Open Access

Non-invasive assessment of vascular alteration using ultrasound

Clinical Hypertension201521:25

https://doi.org/10.1186/s40885-015-0035-4

Received: 6 August 2015

Accepted: 10 November 2015

Published: 16 December 2015

Abstract

It is well known that arterial function relates to cardiovascular morbidity and mortality. The noninvasive technology for the assessment of arterial function has developed as the importance of prevention of early cardiovascular disease has been emphasized. Over 2-D and Doppler echocardiography, speckle-tracking echocardiography has emerged as a valuable ultrasound imaging technique that allows for an objective and quantitative evaluation of global and regional myocardial function. Recently, several studies have extended its applicability beyond cardiac chambers, such as artery. Measurement of carotid arterial strain with speckle tracking ultrasound has been shown to be feasible and reliable. This review describes the new ultrasound techniques to assess arterial function and their clinical implications.

Keywords

Arterial function Carotid artery Ultrasound

Background

Why do we need to evaluate arterial function?

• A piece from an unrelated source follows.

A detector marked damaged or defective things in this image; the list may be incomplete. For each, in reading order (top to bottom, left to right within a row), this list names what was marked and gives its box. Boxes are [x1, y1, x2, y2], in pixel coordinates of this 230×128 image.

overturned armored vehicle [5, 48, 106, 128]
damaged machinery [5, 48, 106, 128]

Cardiovascular disease (CVD) is the leading cause of morbidity and mortality in the industrialized countries [1]. In the early half of the 20th century, CVD increased rapidly as a result of industrialization and urbanization. However, during the latter half of the 20th century, the mortality of CVD decreased impressively due to advances in medical technology [1]. Coronary angiography has been the standard for the diagnosis and management of coronary artery disease for decades. However, physician’s interests are going over to noninvasive assessment of vascular function as the importance of prevention of early CVD has been emphasized.

Previously, vascular aging, the changes of vascular function and structure, was overlooked in comparison with overt atherosclerosis. The cardiovascular continnum was restricted to atherosclerotic disease [2, 3]. However, vascular aging, in association with increased arterial stiffness, influences on the heart and other organs [4]. Vascular aging is correlated with systolic hypertension, atherosclerosis, diastolic heart failure and small vessel disease in brain and kidney [4]. It is well known that arterial function relates to cardiovascular morbidity and mortality [57]. In the late 19th century, William Osler already underscored the importance of vascular aging by saying “you are as old as your arteries.” Recently vascular aging has become one of the most important issue and regarded as the extended cardiovascular continnum [8]. These changes engage with the development of noninvasive technology for the assessment of arterial function.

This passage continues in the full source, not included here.